Secondo premio a Pasquale Melpignano, terzi classificati ex aequo Giuliana Fainella e Agnese Fratoni.
Per la categoria riservata alle scuole medie superiori primo classificato “Tradurre la pace” di Chiara Agostini. Secondo premio a Milena Lucente, terzo a Celeste Maresi.

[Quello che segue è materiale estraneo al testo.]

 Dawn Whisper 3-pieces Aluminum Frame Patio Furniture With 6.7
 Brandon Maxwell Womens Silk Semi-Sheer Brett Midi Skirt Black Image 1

Per la categoria riservata alle scuole medie inferiori primo classificato “Semi di luce” di Viola Bussoletti. Al secondo posto tre ex aequo: Flavio Stentella, Chiara Lanari e Domenico Ariele.
Terzi classificati ex aequo Giulia Treggia, Luana Scarpa e Zoe Cintelli.
Menzione al racconto “Antonio e la prof” di Maria Francesca Baldizzone Gardenghi.
Il Premio Minerva quest’anno è stato conferito a Carla Mariani, cui è stata consegnata una grafia lirica che l’artista Mauro Pulcinella ha creato per lei e una targa, che sintetizza le bellissime parole che sono state dette su lei: “A Carla che sa coniugare cura e sollecitudine con la passione e la speranza. In lei si realizza il sogno di un’umanità migliore”.
Carla Mariani “attraverso la sua militanza attiva nei movimenti dediti alla nonviolenza, al disarmo e alla risoluzione pacifica dei conflitti – si legge nella motivazione del premio – ha consentito che la nostra comunità si rendesse protagonista della creazione prima dell’ufficio per la Pace e i diritti umani, poi di una rete italiana delle comunità di pace “Colombia vive” che accompagna la costruzione di processi dal basso organizzati attraverso la pratica quotidiana della nonviolenza. Il lavoro di Carla ha elevato l’identità civile di Narni, città per la pace, e ha fatto in modo che la nostra collettività si affratellasse con la comunidad de paz di San Josè de Apartadò”.

Un attestato di riconoscimento anche ad una coppia di coniugi, Franco e Jadrana Costantini, “per l’instancabile lavoro per la pace e i diritti e per ispirare cambiamento positivo”.